Dataset items:
#####

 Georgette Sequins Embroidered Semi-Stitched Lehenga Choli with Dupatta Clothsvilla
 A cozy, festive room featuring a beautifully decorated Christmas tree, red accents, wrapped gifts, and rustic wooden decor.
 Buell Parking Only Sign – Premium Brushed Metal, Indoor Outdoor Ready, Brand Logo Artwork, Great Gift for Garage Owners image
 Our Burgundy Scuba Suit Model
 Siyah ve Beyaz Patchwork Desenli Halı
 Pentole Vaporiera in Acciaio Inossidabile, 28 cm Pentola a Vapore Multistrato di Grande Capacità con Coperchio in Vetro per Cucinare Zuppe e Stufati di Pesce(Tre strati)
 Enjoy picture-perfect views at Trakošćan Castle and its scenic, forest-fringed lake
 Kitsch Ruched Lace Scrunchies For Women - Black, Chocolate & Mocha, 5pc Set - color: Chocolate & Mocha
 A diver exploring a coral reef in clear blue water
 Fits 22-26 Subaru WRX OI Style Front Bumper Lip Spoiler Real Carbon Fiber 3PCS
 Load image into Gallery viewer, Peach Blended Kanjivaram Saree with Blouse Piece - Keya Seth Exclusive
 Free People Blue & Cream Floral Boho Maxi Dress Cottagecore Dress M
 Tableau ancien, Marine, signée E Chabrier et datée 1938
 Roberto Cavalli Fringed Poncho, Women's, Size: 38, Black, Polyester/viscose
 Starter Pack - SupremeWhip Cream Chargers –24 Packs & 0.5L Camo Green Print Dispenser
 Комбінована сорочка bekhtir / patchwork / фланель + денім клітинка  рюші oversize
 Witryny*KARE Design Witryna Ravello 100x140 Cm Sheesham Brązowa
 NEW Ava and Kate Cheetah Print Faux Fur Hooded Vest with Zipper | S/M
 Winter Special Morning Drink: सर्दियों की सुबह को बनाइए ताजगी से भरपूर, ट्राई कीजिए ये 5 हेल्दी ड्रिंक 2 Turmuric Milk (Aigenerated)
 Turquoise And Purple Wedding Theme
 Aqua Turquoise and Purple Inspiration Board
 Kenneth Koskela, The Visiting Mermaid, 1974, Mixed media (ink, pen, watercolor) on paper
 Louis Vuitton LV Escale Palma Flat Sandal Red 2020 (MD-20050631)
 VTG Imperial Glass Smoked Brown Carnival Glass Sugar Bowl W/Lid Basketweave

#####

__EXERCISE OBJECTIVE__
Determine the number of lines in the entries that hold the string "image"; write that number and nothing else.

__ANSWER BOX__
2